DJ Times: How’s that?

Dumont: The good DJs can go into a 200-capacity club and into a 30,000-capacity festival and do the same, but with a completely different set. It’s that understanding. You can play a song in Ibiza and it’ll get a massive reaction; you play it in New York and no one likes it. It fascinates me. I thought a lot of the music I play in Europe wouldn’t have gotten as good a response in America, but it does. I’ve played many venues in the U.S. now that are equal to my favorite venues in Europe. My favorite club in the U.S. is Output in New York. It reminds me of Fabric’s heyday in 2008.

DJ Times: What’s your thought process in the programming of your sets?

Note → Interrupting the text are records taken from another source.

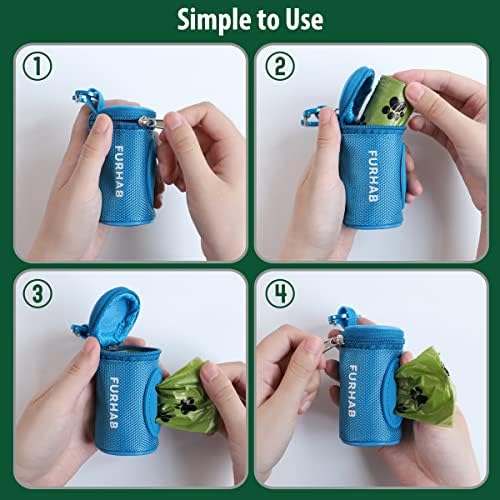 FURHAB Dog Poop Bag Holder for Leash with Carabiner Clip Soft Fabric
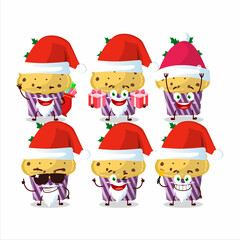 Santa Claus emoticons with cupcake with holly berry cartoon character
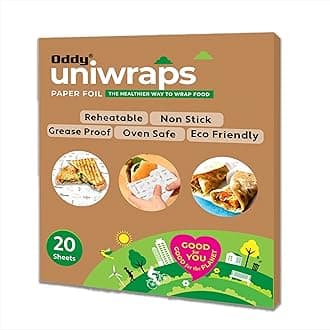 Oddy Uniwraps Food Wrapping Paper Sheets | Wrap Roti, Parantha, Sandwich, Burger & More! Keep Food Safe & Fresh | 10x12 Inches, Pack of 20 Sheets, WSE-20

Dumont: The first 20 minutes, I will play quite safe. After 20 minutes, I will throw a curveball. Sometimes it reacts, sometimes it doesn’t. If it reacts, then the set goes along a different fork in the road, maybe a heavier, maybe more vocal-based. If that reacts, then it’s a permutation that has infinite results. That’s something I’ve done over 10 years that has tended to work for me. If I don’t throw those curveballs, things get boring very quickly. If you are eclectic and abstract from the start, especially for what I’m known for and the music I come from, that goes over a lot of people’s heads. My favorite set is when I am playing music that nobody knows and people want to know what that music is. I haven’t had a night like that in a long, long time.

DJ Times: Were you a fan like that?

Dumont: What got me into DJing and the culture is when I used to go and see DJs and you would go up and ask what’s that song they’re playing. There used to be a lot more respect in the sense that if that person is up there DJing, they must be good enough and they obviously earned the right to be there. I would never have the audacity to tell the DJ what to play. That’s the most arrogant thing. The culture now is the crowd telling you what songs to play. That’s dangerous. The respect for a good DJ is gone. I don’t think that’s a reflection of dance music, it’s a reflection of culture as a whole, that everything is so accessible and can be personalized.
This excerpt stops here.